Eski Dünya Maymunları (Cercopithecidae ailesi veya Catarrhini geçiş takımı) (babunlar ve makaklar); 135 tür maymunu kapsamaktadır. Çok geniş bir alanda yaşarlar ve temel olarak Afrika ve Asya'da bulunurlar. Bunlar, genellikle irilik açısından ortalama bir büyüklüğe sahiptirler. Kimi ağaçlar üzerinde yaşarken (arboreal), tamamen karada yaşayan (terrestial) türler de bulunmaktadır. Ağaçlar üzerinde yaşayan türlerin baş parmakları, ağaçlara asılı kalmaya elverişli bir biçimde evrimleşmiştir. Eski Dünya Maymunları'nın burunları basık değildir ve dardır. Ayrıca Yeni Dünya Maymunları'ndan farklı olarak kavrayıcı bir kuyruğa değil, kısa ve güçsüz bir kuyruğa sahiptirler. Bu tip maymunlarda 3 renkli (trikromatik) görüş bulunmaktadır. Eski Dünya Maymunları'nın 8 adet premolar dişi bulunmaktadır. Eski Dünya Maymunları'nın çoğu hem etçil hem otçuldur (omnivor) ancak genel olarak yeşillik ile beslenmeyi tercih ederler. Aralarında vejetaryen olaran türler de bulunur.
İnsaymunlar (Apes / Hominoidea); 135 tür gibonu barındıran Gibongiller (Hylobatidae: "küçük insansı maymunlar" veya "düşük insaymunlar") familyasını ve 4 tür yüksek maymunu barındıran İnsangiller (Hominidae: büyük insansı maymunlar) familyasını kapsar. Bu İnsangiller ise şempanzeleri, gorilleri, insanları ve orangutanları barındırmaktadır. Goriller ve insanlar hariç tüm gerçek insaymunlar ağaçlara tırmanmakta ustadırlar. Hemen hemen hepsi hem etçil hem otçuldur (omnivor). İnsan türü Dünya'nın her yerine yayılmış olsa da, geri kalan İnsaymunların çoğu Afrika ve Asya'da yaşamaktadır. İnsanlar dışındaki insaymunların çoğu yok olma tehlikesi altındadırlar veya seyrek bulunurlar.

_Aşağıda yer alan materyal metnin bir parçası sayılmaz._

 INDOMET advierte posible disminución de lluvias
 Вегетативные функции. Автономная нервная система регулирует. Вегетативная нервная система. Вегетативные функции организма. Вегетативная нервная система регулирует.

Okumanın zorlaşmaması adına, burada alt başlıklara bir son vererek yeni bir dallanmaya başlamak istiyoruz. Ancak öncesinde, bazı toparlayıcı açıklamalar yapmakta fayda görüyoruz: Buraya kadar anlamış olabileceğiniz gibi, hayvanların sınıflandırılması oldukça karışık ve zorlu bir iştir. Gerçekten Biyoloji konusunda uzman olmak gerekmektedir ve her biyologun da ustalıkla altından kalkabileceği bir iş değildir. Tek bir türün filogenetik sınıflandırılmasını incelemek bile çok uzun yıllar alabilmektedir. Bu sebepledir ki, birileri (binlerce bilim insanı) bütün ömürlerini tek bir türü ve ailesini anlamaya harcarken, 3-5 cahil veya bilgisiz insanın sırf para kaynaklarını kullanarak televizyon, gazete ve diğer yayın organları aracılığıyla, güvenilmez ve şahsi inançlarının kendilerine verdiği sözde yetkilere dayanarak, bu narin emeği hiçe sayarak bilime saldırmaları; sadece bilim düşmanlığından değil, emek hırsızlığı, korkaklık, üşengeçlik ve adilikten de kaynaklanmaktadır. Bu sebepledir ki Evrim Ağacı katiyetle bilim-dışı kaynaklara itibar etmez, edenlerin de bu manipülasyona alet olmasına izin vermez.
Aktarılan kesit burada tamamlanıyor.